■ PROBLEM: Except for the pictures, reproduce the records word for word.

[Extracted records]

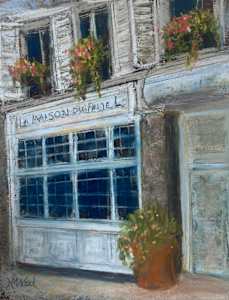 La Maison Du Pastel (unframed, matted)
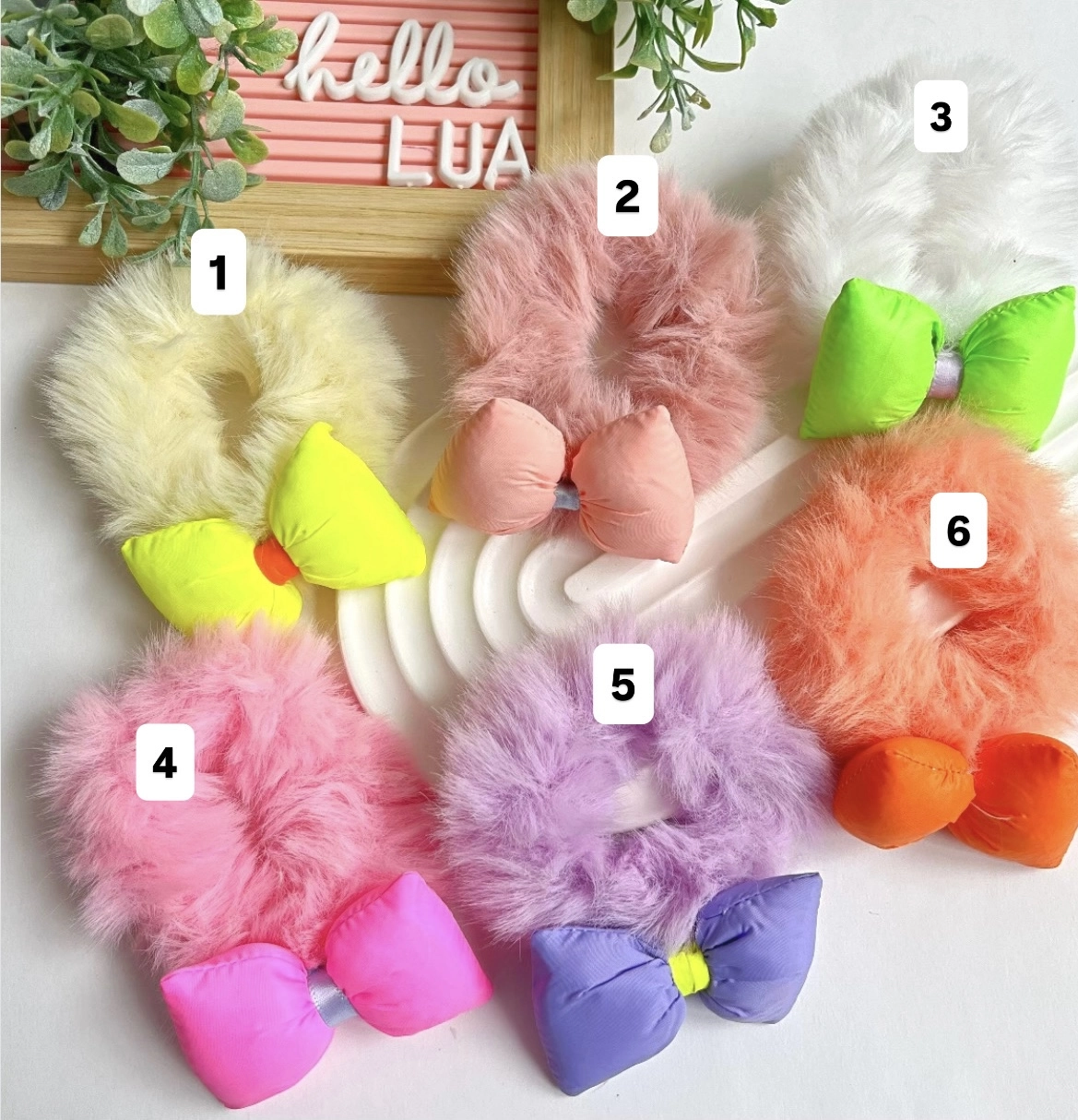 Peluş lastik toka adet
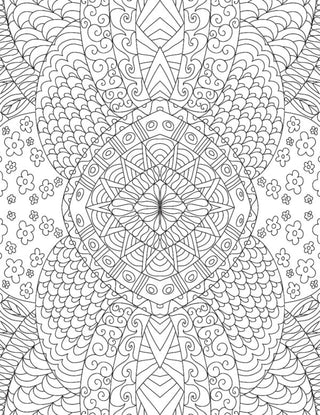 Patterns- Colouring Book for Adults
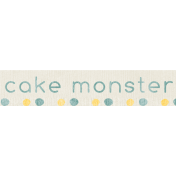 Birthday Wishes- Label- Blue Cake Monster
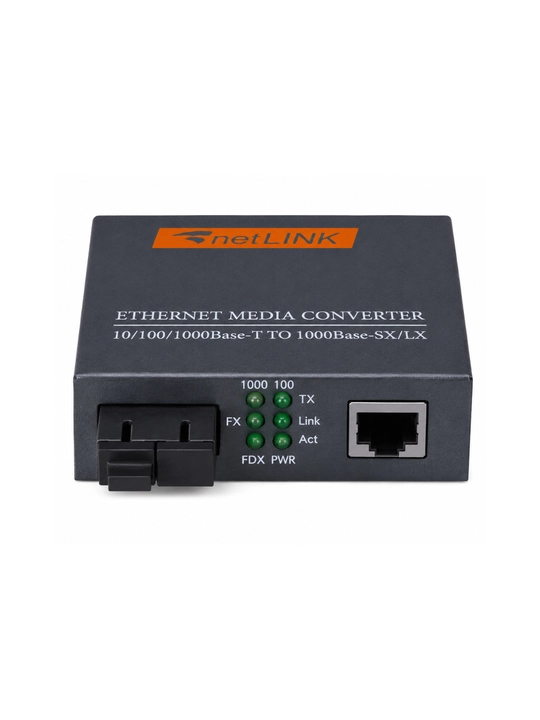 Media Converter Ethernet netLINK 10/100/1000Base-T to 1000Base-SX/LX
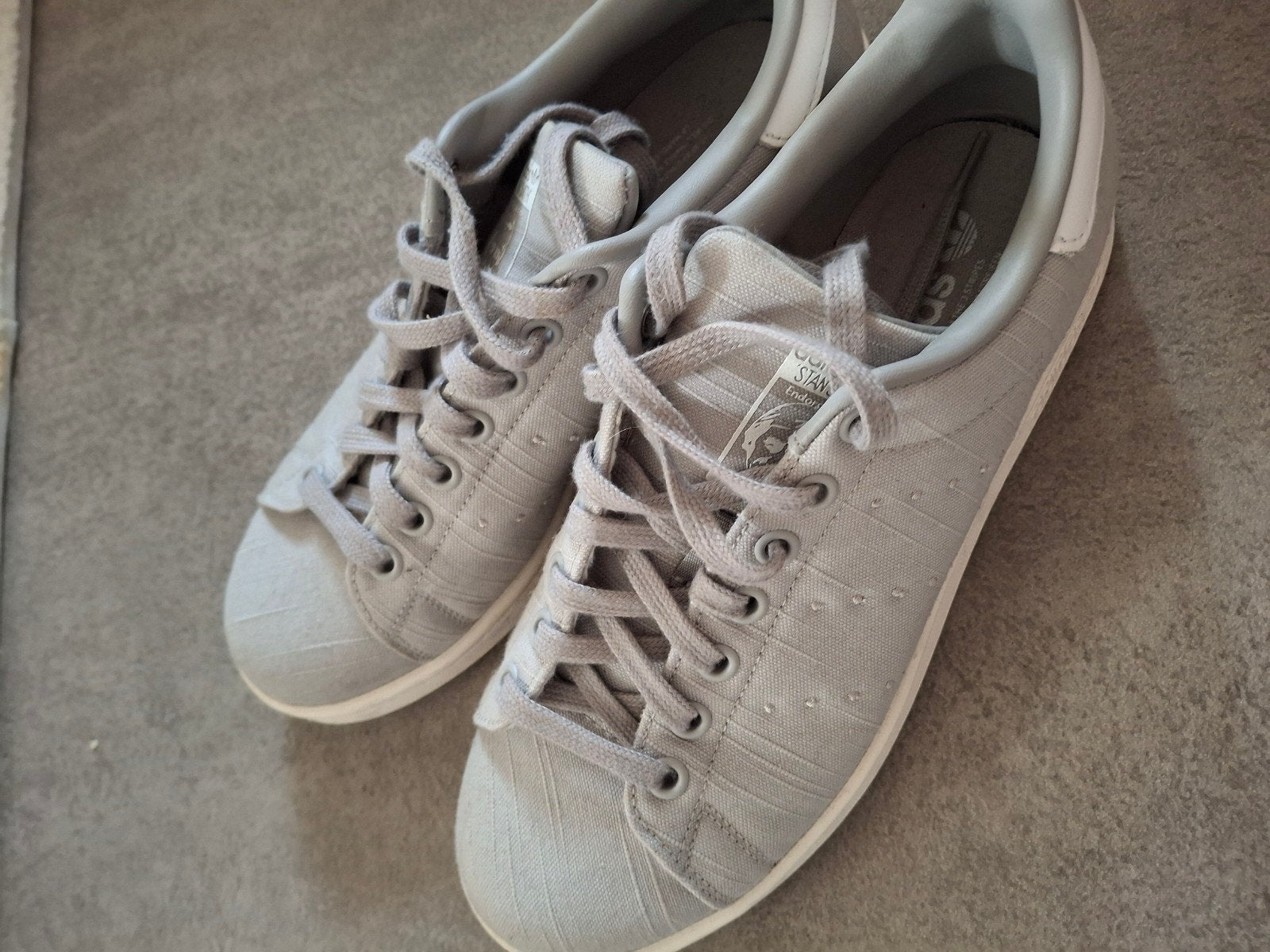 Adidas stan smith sneakers, grijs maat 40 zgan, Ophalen, Adidas, Grijs, Sneakers of Gympen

■ RESPONSE TO THIS EXERCISE:
 La Maison Du Pastel (unframed, matted)
 Peluş lastik toka adet
 Patterns- Colouring Book for Adults
 Birthday Wishes- Label- Blue Cake Monster
 Media Converter Ethernet netLINK 10/100/1000Base-T to 1000Base-SX/LX
 Adidas stan smith sneakers, grijs maat 40 zgan, Ophalen, Adidas, Grijs, Sneakers of Gympen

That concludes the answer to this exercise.